Figure~\ref{fig:vivado_over_time} shows that \vivado{} 2016.1 and 2016.2 have exactly the same test case failures. From 2016.2 to 2017.4, the bugs originating from one group of test cases were fixed, but two different groups of test cases starts to fail. The total number of failing test cases is also higher in 2017.4 than in previous versions. Finally, two groups of test cases are fixed for version 2018.2, but another group of test cases start to fail, which is the largest proportion of test cases in the diagram.
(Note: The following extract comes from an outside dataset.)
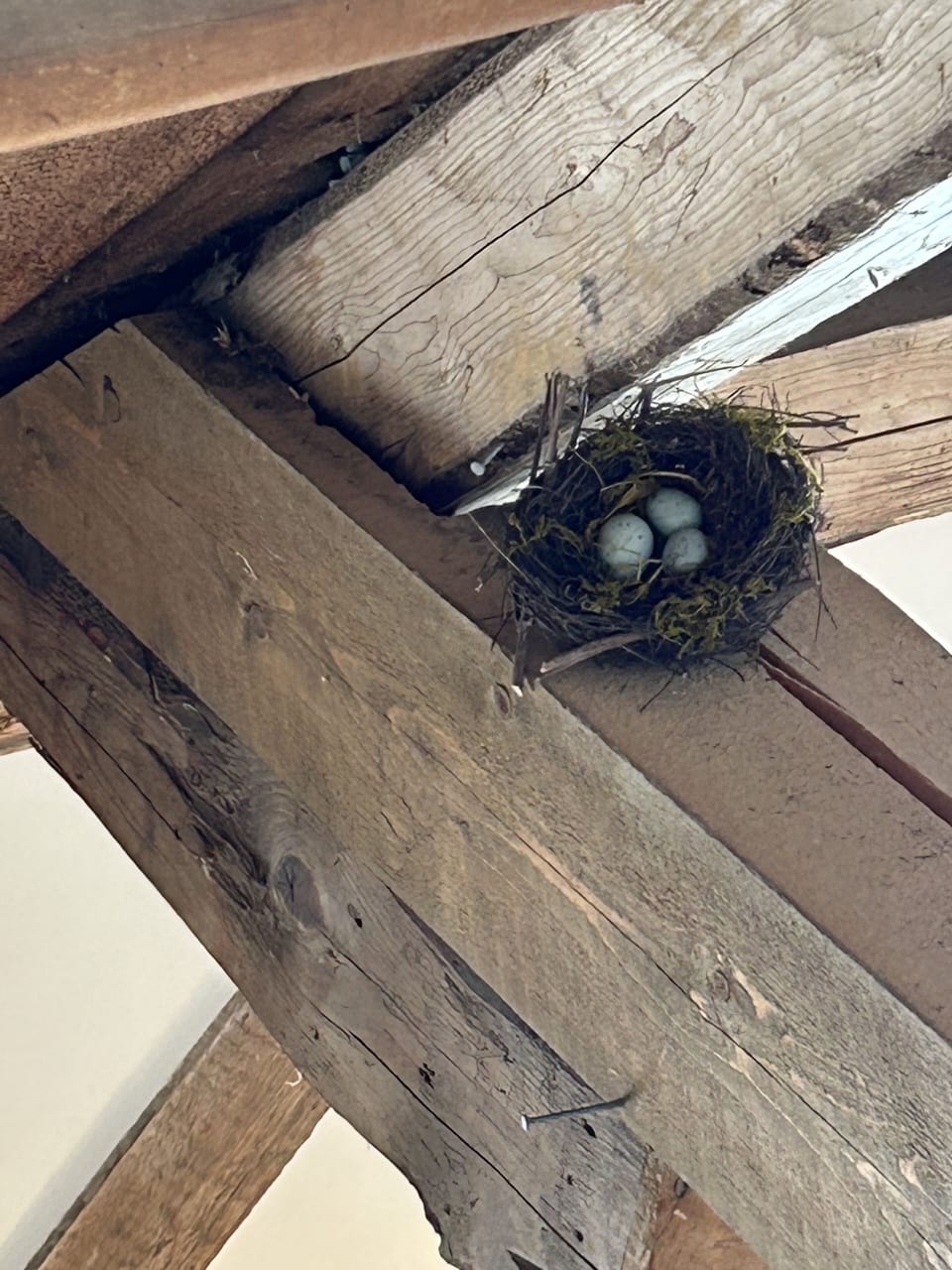 Maybe swallow nested here when it was a barn?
There is one group that stays constant in all the versions of \vivado{} comprising 15 test cases, which are likely due to failures that have not been found or reported yet.

\begin{figure}
  \centering
  \resizebox{0.45\textwidth}{!}{
  \begin{tikzpicture}
    \fill[fill=ribbon1] (-0.5,4.2) -- (7,4.2) -- (7.5,3.6) -- (7,3) -- (-0.5,3) --
    (-0.2,3.6) -- cycle;
    \fill[fill=ribbon2] (-0.5,2.2) -- (2.4,2.2) to [out=0,in=180] (4.4,2.9) --
    (4.6,2.9) to [out=0,in=180] (6.6,3) -- (7,3) -- (7.4,2.55) -- (7,2.1) --
    (6.6,2.1) to [out=180,in=0] (4.6,2) -- (4.4,2) to [out=180,in=0] (2.4,1.3) --
    (-0.5,1.3) -- (-0.2,1.75) -- cycle;
    \fill[fill=ribbon3] (-0.5,2.9) -- (2.4,2.9) to [out=0,in=180] (6.6,0.4) --
    (7,0.4) -- (7.3,0.2) -- (7,0) -- (6.6,0) to [out=180,in=0] (2.4,2.5) --
    (-0.5,2.5) -- (-0.2,2.7) -- cycle;
    \fill[fill=ribbon4] (-0.5,1.2) -- (3,1.2) to [out=0,in=180] (6.6,2.1)
    -- (7,2.1) -- (7.5,1.5) -- (7,0.9)
    -- (6.6,0.9) to [out=180,in=0] (3,0) -- (-0.5,0) -- (-0.1,0.6) -- cycle;
    \fill[fill=ribbon5] (-0.5,3) -- (4.6,3) to [out=0,in=180] (6.6,0.5) --
    (7,0.5) -- (7.1,0.45) -- (7,0.4) -- (6.6,0.4) to [out=180,in=0] (4.6,2.9) --
    (-0.5,2.9) -- (-0.4,2.95) -- cycle;
    \fill[fill=ribbon6] (-0.5,1.3) -- (2.4,1.3) to [out=0,in=180] (4.4,2) -- (4.6,2) to
    [out=0,in=180] (6.6,0) -- (7,0) -- (7.1,-0.05) -- (7,-0.1) -- (6.6,-0.1) to
    [out=180,in=0] (4.6,1.9) -- (4.4,1.9) to [out=180,in=0] (2.4,1.2) --
    (-0.5,1.2) -- (-0.5,1.25) -- cycle;
    \filldraw[fill=white] (-0.1,2.5) rectangle (0.3,4.2);
    \filldraw[fill=white] (2.1,2.5) rectangle (2.5,4.2);
    \filldraw[fill=white] (4.3,1.9) rectangle (4.7,4.2);
    \filldraw[fill=white] (6.5,0.9) rectangle (6.9,4.2);
    \node at (0.1,4.6) {2016.1};
    \node at (2.3,4.6) {2016.2};
    \node at (4.5,4.6) {2017.4};
    \node at (6.7,4.6) {2018.2};
    \node at (1.1,0.6) {17};
    \node at (1.1,3.6) {15};
    \node at (1.1,1.75) {11};
    \node at (1.1,2.7) {6};
    \node at (0.1,2.7) {22};
    \node at (2.3,2.7) {22};
    \node at (4.5,2.1) {28};
    \node at (6.7,1.1) {43};
    \node at (3.4,5) {Vivado version};
  \end{tikzpicture}}
  \caption{Tracking the same set of test cases across four versions of Vivado. The white rectangles indicate the total number of failing test cases per version. Test cases that fail in the same versions are grouped into a ribbon, and each ribbon is labelled with the number of test cases it contains. The interleaving of ribbons shows how bugs may have been introduced or fixed in each version.}\label{fig:vivado_over_time}
\end{figure}

\subsection{How effective is our reducer?}

To test the efficiency of the test case reducer that was implemented in \verismith{}, it was compared against an existing test case reducer for C/C++, called C-Reduce~\cite{regehr12_test_reduc_c_compil_bugs}. C-Reduce is a general reducer containing various passes that perform different reduction algorithms. As it is tailored to reduce C-like languages, C-Reduce is much less effective at reducing unknown languages, because it cannot analyse and perform reductions on the AST.\@ However, it can still apply other passes which are independent of the input language.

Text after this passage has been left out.